[Data listing — start]

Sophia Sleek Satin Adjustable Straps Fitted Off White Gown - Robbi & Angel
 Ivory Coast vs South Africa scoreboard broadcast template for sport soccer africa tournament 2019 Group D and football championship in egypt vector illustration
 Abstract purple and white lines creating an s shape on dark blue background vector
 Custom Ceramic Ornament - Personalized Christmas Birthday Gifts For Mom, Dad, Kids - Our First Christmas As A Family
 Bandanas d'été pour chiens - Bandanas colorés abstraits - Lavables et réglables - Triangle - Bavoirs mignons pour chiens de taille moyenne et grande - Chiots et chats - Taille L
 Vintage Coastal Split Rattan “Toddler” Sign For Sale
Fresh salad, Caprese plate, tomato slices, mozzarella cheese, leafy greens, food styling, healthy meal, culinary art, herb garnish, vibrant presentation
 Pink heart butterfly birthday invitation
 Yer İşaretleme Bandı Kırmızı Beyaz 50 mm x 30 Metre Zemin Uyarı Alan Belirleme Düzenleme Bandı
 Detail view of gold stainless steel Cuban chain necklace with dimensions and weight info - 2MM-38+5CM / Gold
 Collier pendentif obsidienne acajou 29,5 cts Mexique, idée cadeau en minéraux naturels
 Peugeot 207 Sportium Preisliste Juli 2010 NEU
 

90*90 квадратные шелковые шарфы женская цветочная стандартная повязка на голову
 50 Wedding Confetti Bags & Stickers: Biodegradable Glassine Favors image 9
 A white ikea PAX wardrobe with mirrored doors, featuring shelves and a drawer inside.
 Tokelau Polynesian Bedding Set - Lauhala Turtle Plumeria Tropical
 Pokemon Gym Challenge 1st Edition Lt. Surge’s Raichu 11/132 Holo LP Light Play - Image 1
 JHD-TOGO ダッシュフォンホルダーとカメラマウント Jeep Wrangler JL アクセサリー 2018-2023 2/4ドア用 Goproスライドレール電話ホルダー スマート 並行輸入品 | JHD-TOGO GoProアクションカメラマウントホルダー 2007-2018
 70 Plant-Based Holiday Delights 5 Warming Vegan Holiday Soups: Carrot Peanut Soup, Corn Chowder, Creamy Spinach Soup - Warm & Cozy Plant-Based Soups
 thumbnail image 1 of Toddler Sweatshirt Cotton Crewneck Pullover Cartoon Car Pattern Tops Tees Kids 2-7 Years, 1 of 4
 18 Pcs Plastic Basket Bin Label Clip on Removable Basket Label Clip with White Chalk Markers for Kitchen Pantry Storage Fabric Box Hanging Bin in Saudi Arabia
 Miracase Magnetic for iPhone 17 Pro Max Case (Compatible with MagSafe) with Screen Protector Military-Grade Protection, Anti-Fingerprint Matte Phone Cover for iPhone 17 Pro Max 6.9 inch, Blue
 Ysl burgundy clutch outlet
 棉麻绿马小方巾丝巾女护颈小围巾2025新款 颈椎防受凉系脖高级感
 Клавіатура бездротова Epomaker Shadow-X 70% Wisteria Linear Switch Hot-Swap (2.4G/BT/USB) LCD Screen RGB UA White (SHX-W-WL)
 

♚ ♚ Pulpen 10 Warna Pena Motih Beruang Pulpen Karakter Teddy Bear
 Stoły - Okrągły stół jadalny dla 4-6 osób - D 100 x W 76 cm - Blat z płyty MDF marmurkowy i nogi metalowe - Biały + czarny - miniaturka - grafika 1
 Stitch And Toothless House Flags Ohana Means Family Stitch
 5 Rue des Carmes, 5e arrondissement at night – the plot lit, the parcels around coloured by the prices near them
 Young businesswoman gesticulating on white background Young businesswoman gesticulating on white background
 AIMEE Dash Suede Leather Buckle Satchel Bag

[Data listing — finish]

Task brief:
The full material has to be written out again exactly as shown.

Answer for the task:
Sophia Sleek Satin Adjustable Straps Fitted Off White Gown - Robbi & Angel
 Ivory Coast vs South Africa scoreboard broadcast template for sport soccer africa tournament 2019 Group D and football championship in egypt vector illustration
 Abstract purple and white lines creating an s shape on dark blue background vector
 Custom Ceramic Ornament - Personalized Christmas Birthday Gifts For Mom, Dad, Kids - Our First Christmas As A Family
 Bandanas d'été pour chiens - Bandanas colorés abstraits - Lavables et réglables - Triangle - Bavoirs mignons pour chiens de taille moyenne et grande - Chiots et chats - Taille L
 Vintage Coastal Split Rattan “Toddler” Sign For Sale
Fresh salad, Caprese plate, tomato slices, mozzarella cheese, leafy greens, food styling, healthy meal, culinary art, herb garnish, vibrant presentation
 Pink heart butterfly birthday invitation
 Yer İşaretleme Bandı Kırmızı Beyaz 50 mm x 30 Metre Zemin Uyarı Alan Belirleme Düzenleme Bandı
 Detail view of gold stainless steel Cuban chain necklace with dimensions and weight info - 2MM-38+5CM / Gold
 Collier pendentif obsidienne acajou 29,5 cts Mexique, idée cadeau en minéraux naturels
 Peugeot 207 Sportium Preisliste Juli 2010 NEU
 

90*90 квадратные шелковые шарфы женская цветочная стандартная повязка на голову
 50 Wedding Confetti Bags & Stickers: Biodegradable Glassine Favors image 9
 A white ikea PAX wardrobe with mirrored doors, featuring shelves and a drawer inside.
 Tokelau Polynesian Bedding Set - Lauhala Turtle Plumeria Tropical
 Pokemon Gym Challenge 1st Edition Lt. Surge’s Raichu 11/132 Holo LP Light Play - Image 1
 JHD-TOGO ダッシュフォンホルダーとカメラマウント Jeep Wrangler JL アクセサリー 2018-2023 2/4ドア用 Goproスライドレール電話ホルダー スマート 並行輸入品 | JHD-TOGO GoProアクションカメラマウントホルダー 2007-2018
 70 Plant-Based Holiday Delights 5 Warming Vegan Holiday Soups: Carrot Peanut Soup, Corn Chowder, Creamy Spinach Soup - Warm & Cozy Plant-Based Soups
 thumbnail image 1 of Toddler Sweatshirt Cotton Crewneck Pullover Cartoon Car Pattern Tops Tees Kids 2-7 Years, 1 of 4
 18 Pcs Plastic Basket Bin Label Clip on Removable Basket Label Clip with White Chalk Markers for Kitchen Pantry Storage Fabric Box Hanging Bin in Saudi Arabia
 Miracase Magnetic for iPhone 17 Pro Max Case (Compatible with MagSafe) with Screen Protector Military-Grade Protection, Anti-Fingerprint Matte Phone Cover for iPhone 17 Pro Max 6.9 inch, Blue
 Ysl burgundy clutch outlet
 棉麻绿马小方巾丝巾女护颈小围巾2025新款 颈椎防受凉系脖高级感
 Клавіатура бездротова Epomaker Shadow-X 70% Wisteria Linear Switch Hot-Swap (2.4G/BT/USB) LCD Screen RGB UA White (SHX-W-WL)
 

♚ ♚ Pulpen 10 Warna Pena Motih Beruang Pulpen Karakter Teddy Bear
 Stoły - Okrągły stół jadalny dla 4-6 osób - D 100 x W 76 cm - Blat z płyty MDF marmurkowy i nogi metalowe - Biały + czarny - miniaturka - grafika 1
 Stitch And Toothless House Flags Ohana Means Family Stitch
 5 Rue des Carmes, 5e arrondissement at night – the plot lit, the parcels around coloured by the prices near them
 Young businesswoman gesticulating on white background Young businesswoman gesticulating on white background
 AIMEE Dash Suede Leather Buckle Satchel Bag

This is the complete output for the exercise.